Prompt: Type out the lines below exactly, pictures excluded.

Dataset excerpt:
-- Opening Marker --
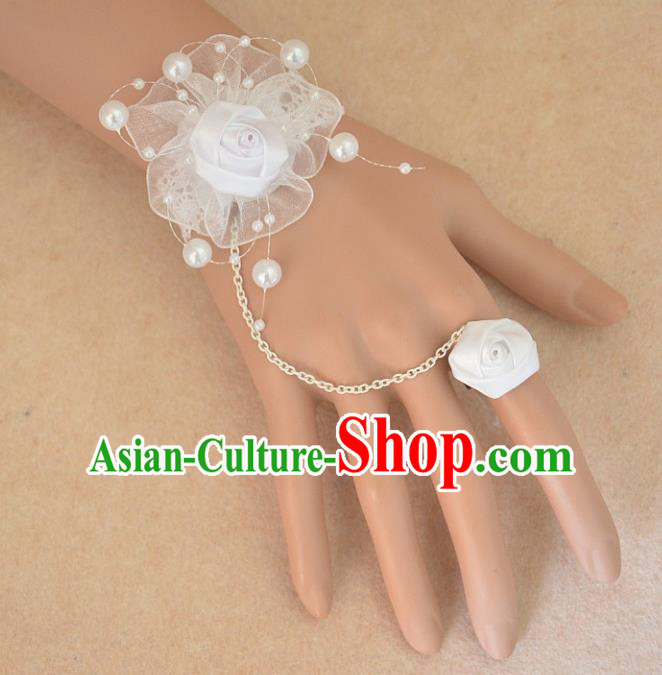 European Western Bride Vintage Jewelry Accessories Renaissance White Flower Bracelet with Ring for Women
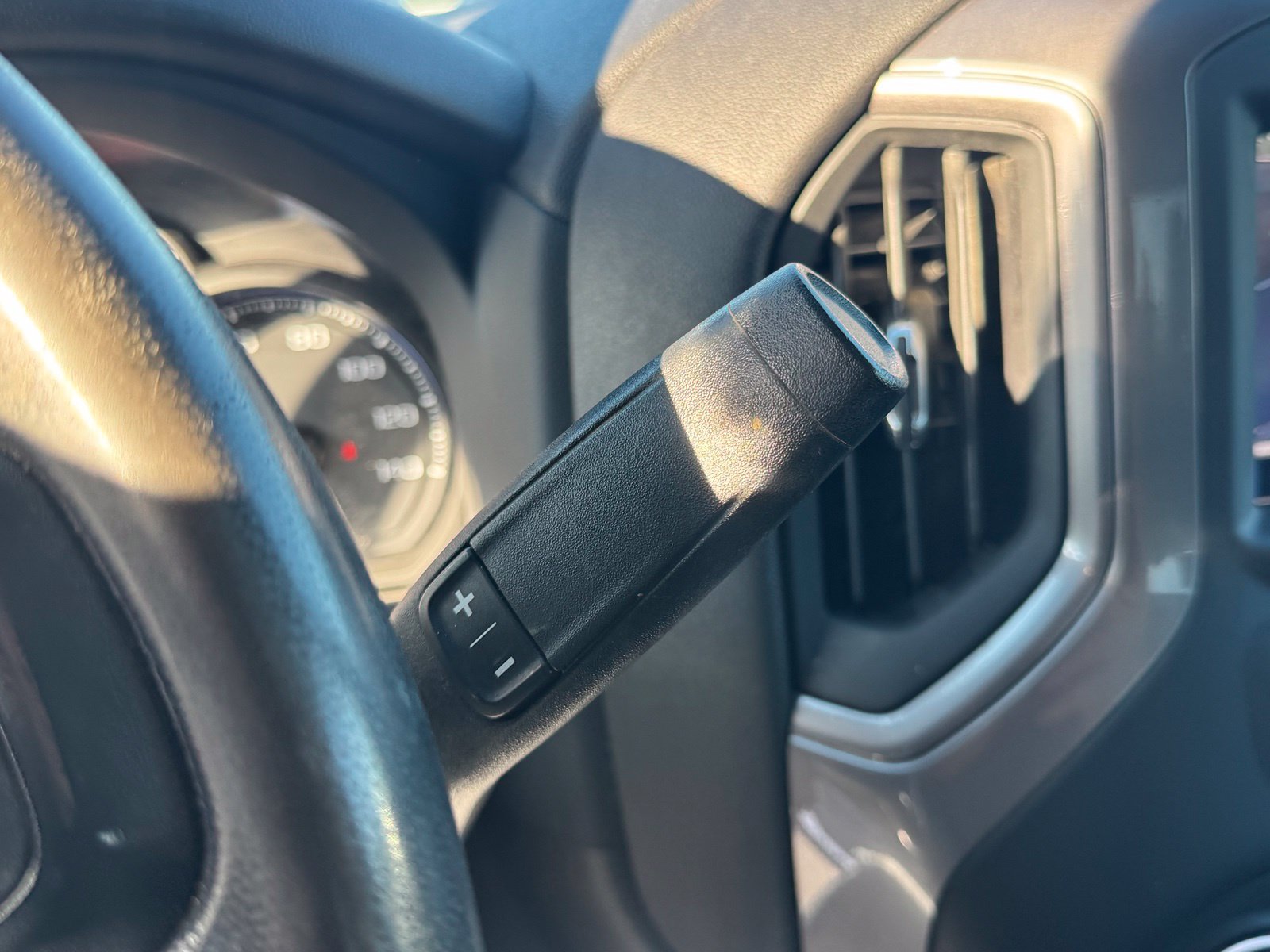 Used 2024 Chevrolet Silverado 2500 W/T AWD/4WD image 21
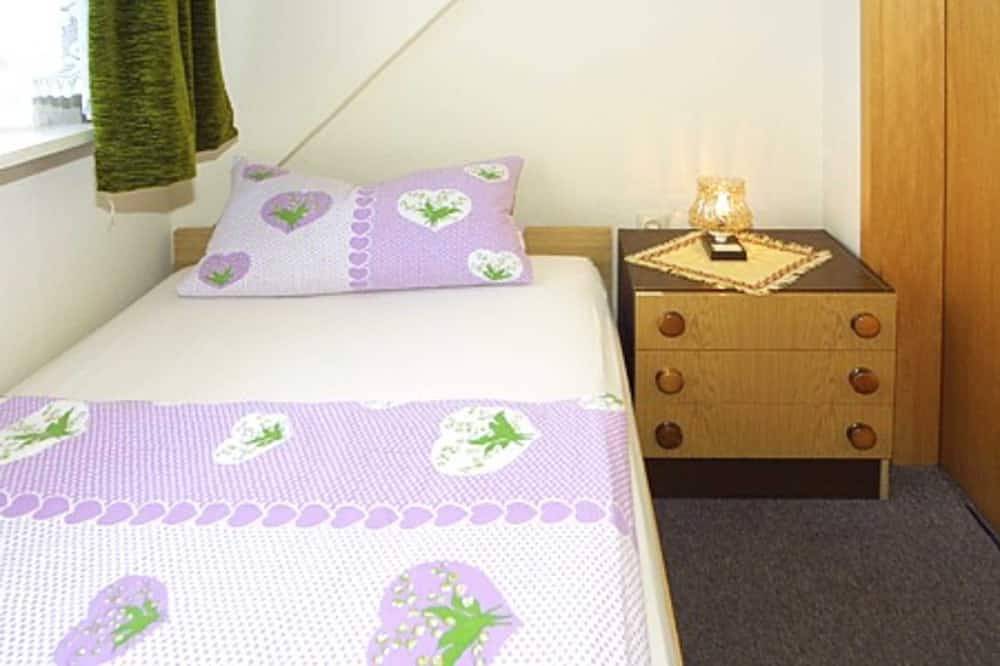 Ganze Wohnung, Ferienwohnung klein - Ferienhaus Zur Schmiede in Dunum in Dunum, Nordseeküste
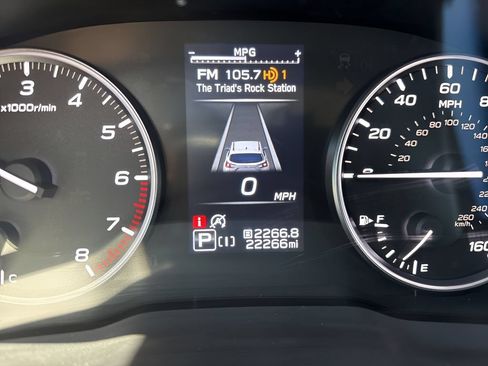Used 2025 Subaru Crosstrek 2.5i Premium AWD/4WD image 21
-- Closing Marker --
Result of the exercise:
 European Western Bride Vintage Jewelry Accessories Renaissance White Flower Bracelet with Ring for Women
 Used 2024 Chevrolet Silverado 2500 W/T AWD/4WD image 21
 Ganze Wohnung, Ferienwohnung klein - Ferienhaus Zur Schmiede in Dunum in Dunum, Nordseeküste
Used 2025 Subaru Crosstrek 2.5i Premium AWD/4WD image 21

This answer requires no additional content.